Back to Datahub

Snowflake Post

metadata-ingestion/docs/sources/snowflake/snowflake_post.md

1.5.0.310.8 KB
Original Source

Capabilities

Use the Important Capabilities table above as the source of truth for supported features and whether additional configuration is required.

Snowflake Shares

If you are using Snowflake Shares to share data across different Snowflake accounts, and you have set up DataHub recipes for ingesting metadata from all these accounts, you may end up having multiple similar dataset entities corresponding to virtual versions of the same table in different Snowflake accounts. The DataHub Snowflake connector can automatically link such tables together through Siblings and Lineage relationships if the user provides information necessary to establish the relationship using the shares configuration in the recipe.

Example
  • Snowflake account account1 (ingested as platform_instance instance1) owns a database db1. A share X is created in account1 that includes database db1 along with schemas and tables inside it.
  • Now, X is shared with Snowflake account account2 (ingested as platform_instance instance2). A database db1_from_X is created from inbound share X in account2. In this case, all tables and views included in share X will also be present in instance2.db1_from_X.
  • This can be represented in shares configuration section as
    yaml
    shares:
      X: # name of the share
        database: db1
        platform_instance: instance1
        consumers: # list of all databases created from share X
          - database: db1_from_X
            platform_instance: instance2
    
  • If share X is shared with more Snowflake accounts and a database is created from share X in those accounts, then additional entries need to be added to the consumers list for share X, one per Snowflake account.

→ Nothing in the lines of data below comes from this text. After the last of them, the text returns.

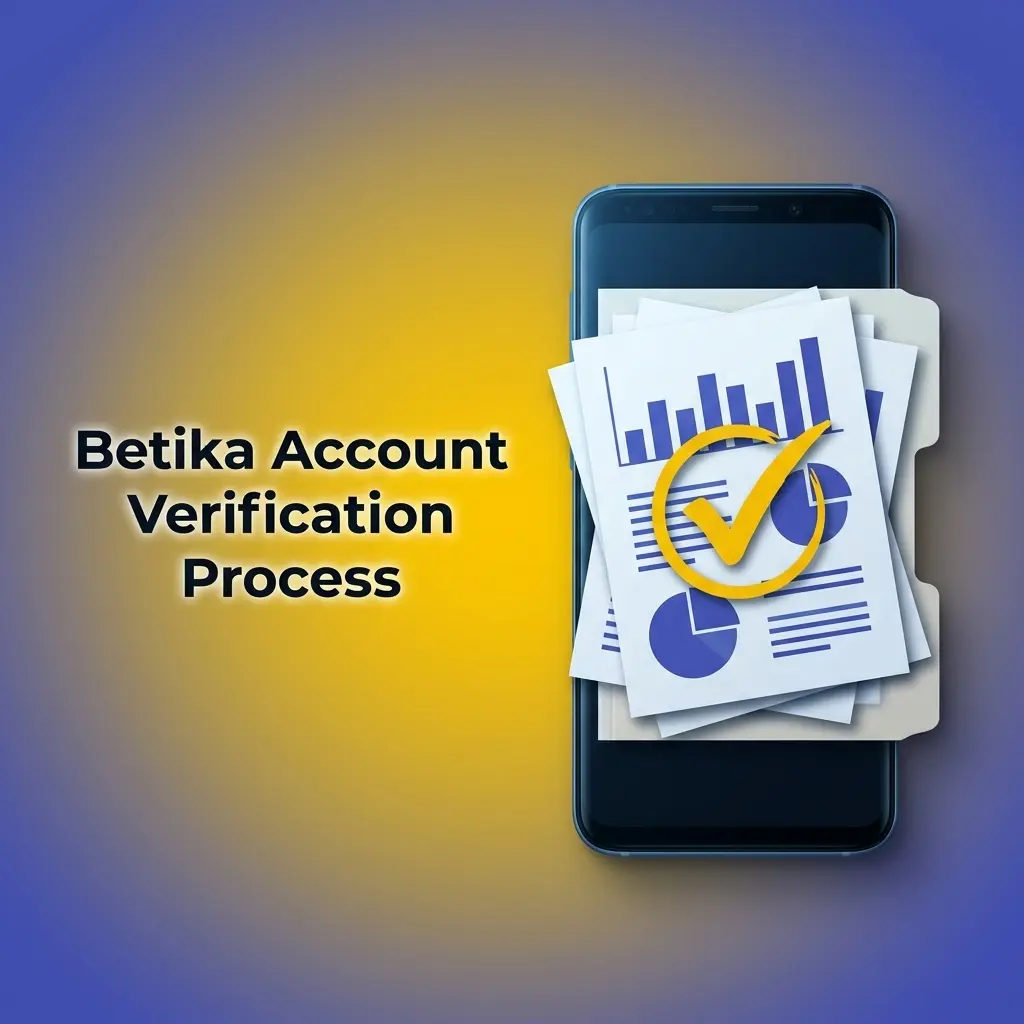 Betika KYC account verification process showing ID upload, selfie check, and M-Pesa withdrawal activation steps in Kenya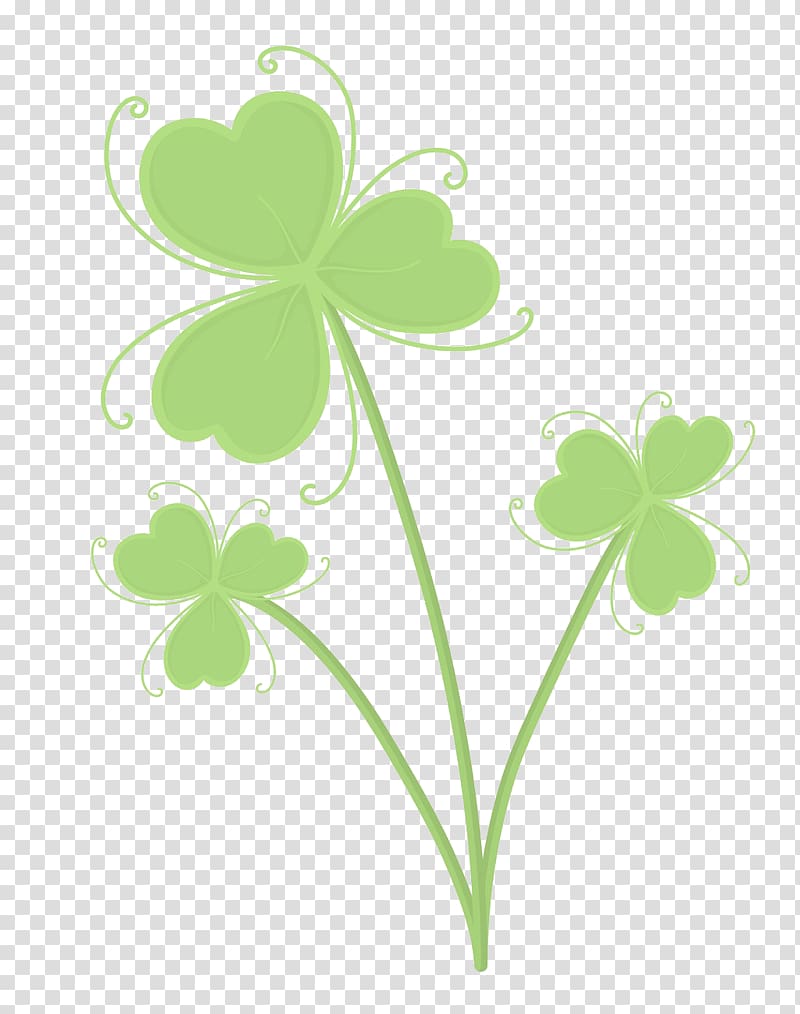 Shamrock Four-leaf clover Illustration, Clover transparent background PNG clipart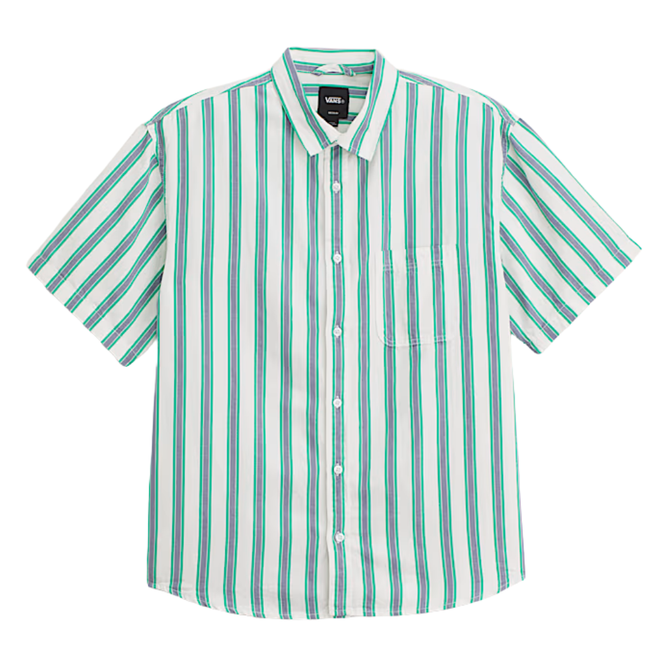 Kids Lawson Stripe Short Sleeve White/Vivid Verdant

The same shares config can then be copied across recipes for all accounts.

Lineage and Usage

DataHub supports two strategies for extracting lineage and usage information from Snowflake:

New Strategy (Default - use_queries_v2: true)

The default and recommended approach uses an optimized query extraction method that:

  • Better Performance: Fetches query logs in a single optimized query instead of multiple separate queries
  • Enhanced Features:
    • Query entities generation (include_queries)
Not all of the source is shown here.